Copy files in Parallel


 
Thread Tools Search this Thread
Top Forums UNIX for Dummies Questions & Answers Copy files in Parallel
# 1  
Old 01-22-2010
Question Copy files in Parallel

Is there any out of box Command in Unix
or is it possible through shell scripting to
copy all the files in a directory in Parallel.

Example. I am doing a COLD database backup. I have the data/dbx directory which has around 1000 data files.

I was thinking is there a way to spawn the copy process so that I would have say n number or say 4 threads which would copy 500 files each.

I am trying to cp the data directory to my backup folder.

right now I am doing

cp -Rf /data4/dbx /backup/dbx

dbx directory has around 1000 data files

If I use cp command , it only does that in sequence.
# 2  
Old 01-23-2010
Running 500 threads won't make your disk copy any faster unless your disk has 500 heads.
# 3  
Old 01-23-2010
For a local copy running 2-4 threads may make sense if you are copying from multiple underlying disks. Also it can squeeze latency and optimize queuing when using serially attached storage or if you are copying to a remote system.

However, if you are running multiple threads in a file system the downside is that the copy will contain rather fragmented files. This will pose no problem if the restore is single threaded, but then it will probably take longer than if you would have created a neat, unfragmented copy using a single thread.
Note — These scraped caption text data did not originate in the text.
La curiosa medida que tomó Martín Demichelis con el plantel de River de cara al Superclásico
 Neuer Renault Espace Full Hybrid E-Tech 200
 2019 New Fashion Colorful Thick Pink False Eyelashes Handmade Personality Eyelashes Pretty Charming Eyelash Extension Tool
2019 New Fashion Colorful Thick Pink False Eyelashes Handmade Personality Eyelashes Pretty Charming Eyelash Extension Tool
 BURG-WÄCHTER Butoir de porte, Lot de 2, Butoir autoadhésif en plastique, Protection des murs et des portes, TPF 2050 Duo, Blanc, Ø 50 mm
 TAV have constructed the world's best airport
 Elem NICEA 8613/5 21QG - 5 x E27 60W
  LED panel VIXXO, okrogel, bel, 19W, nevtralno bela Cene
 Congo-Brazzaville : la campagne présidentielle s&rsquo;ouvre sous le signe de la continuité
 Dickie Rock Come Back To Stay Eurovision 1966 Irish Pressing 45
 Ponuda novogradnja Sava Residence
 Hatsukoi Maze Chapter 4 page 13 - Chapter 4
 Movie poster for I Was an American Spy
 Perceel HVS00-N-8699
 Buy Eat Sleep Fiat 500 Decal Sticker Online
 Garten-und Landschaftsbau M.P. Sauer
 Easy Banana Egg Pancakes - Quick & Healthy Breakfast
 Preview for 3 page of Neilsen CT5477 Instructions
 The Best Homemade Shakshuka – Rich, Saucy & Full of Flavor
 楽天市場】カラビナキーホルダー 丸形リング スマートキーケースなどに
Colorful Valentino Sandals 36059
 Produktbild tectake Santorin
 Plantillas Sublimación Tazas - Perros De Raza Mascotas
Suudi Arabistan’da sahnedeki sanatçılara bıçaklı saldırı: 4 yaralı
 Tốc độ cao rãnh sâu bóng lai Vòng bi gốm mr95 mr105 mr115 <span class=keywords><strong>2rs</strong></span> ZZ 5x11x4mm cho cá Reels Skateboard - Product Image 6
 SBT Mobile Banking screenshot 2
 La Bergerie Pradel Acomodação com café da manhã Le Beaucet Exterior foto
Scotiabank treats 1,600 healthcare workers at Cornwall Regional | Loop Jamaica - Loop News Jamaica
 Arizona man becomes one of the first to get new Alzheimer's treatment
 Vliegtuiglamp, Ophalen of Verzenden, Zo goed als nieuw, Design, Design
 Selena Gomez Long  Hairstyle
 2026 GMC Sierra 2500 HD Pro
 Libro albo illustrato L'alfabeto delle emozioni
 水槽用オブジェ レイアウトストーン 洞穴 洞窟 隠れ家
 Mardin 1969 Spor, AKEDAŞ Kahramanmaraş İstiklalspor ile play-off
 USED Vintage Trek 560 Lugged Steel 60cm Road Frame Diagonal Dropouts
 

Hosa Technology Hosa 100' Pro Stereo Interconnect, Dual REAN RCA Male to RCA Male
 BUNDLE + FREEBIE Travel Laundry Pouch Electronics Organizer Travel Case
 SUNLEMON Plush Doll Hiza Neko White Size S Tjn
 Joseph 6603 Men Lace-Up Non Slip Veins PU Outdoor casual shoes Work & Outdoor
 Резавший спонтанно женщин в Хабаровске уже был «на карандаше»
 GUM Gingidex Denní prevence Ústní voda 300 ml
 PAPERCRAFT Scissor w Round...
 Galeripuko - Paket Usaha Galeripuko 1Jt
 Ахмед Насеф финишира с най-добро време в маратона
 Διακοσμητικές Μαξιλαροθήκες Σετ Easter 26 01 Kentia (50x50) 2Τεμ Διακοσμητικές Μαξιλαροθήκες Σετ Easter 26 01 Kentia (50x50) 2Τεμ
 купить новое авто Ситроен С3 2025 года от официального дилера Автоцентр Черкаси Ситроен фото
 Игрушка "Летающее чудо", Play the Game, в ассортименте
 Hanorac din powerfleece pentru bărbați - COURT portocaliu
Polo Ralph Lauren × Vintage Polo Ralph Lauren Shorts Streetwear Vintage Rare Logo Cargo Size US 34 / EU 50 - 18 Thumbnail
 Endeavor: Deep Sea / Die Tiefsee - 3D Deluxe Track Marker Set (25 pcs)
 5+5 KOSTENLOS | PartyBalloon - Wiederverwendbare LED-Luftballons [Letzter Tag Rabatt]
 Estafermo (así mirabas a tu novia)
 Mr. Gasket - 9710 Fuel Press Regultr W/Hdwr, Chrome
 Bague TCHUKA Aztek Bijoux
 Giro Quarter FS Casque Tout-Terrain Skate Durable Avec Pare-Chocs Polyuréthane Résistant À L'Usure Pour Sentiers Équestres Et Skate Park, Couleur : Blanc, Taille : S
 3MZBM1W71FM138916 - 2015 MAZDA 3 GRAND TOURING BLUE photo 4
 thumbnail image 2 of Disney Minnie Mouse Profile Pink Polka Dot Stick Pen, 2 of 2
It is not advisable to use multiple threads for a restore to single file system, since it would seriously fragment your filesystem and thus your database.
# 4  
Old 01-24-2010
Guys,
I do not want 500 threads.

My requirement is very simple.
If out of box command is not available
I need some kind of shell script which copies files in a directory in say 4 threads.
each thread will use cp commands on inidividual file sets .

This copy is being done on the same server but to a different directory.Its just a different san disk which is transparent to the system.

I am just copying files from /data/dbx directory to /backup/dbx directory

So script should do cp in say 4 sets of files.

Any idea how to script this.

---------- Post updated at 03:59 PM ---------- Previous update was at 03:54 PM ----------

I donot want to copy same file in multipli threads.

I want to copy sets of files in multiple threads.

So If directory has say 1000 files. I want to copy 250 different sets of files in each thread
using something like cp & .

script needs to be dynamic to get total number of files then issue a fixed number of 4 threads each thread having almost equal number of files to copy using cp &
# 5  
Old 01-24-2010
simonsimon, I am not talking about 500 threads. Did you read my answer about the pros and cons?

SAN means the disks are serially attached and probably there are multiple underlying physical disks so there are likely performance benefits for the backup process itself, however you should do a single thread restore..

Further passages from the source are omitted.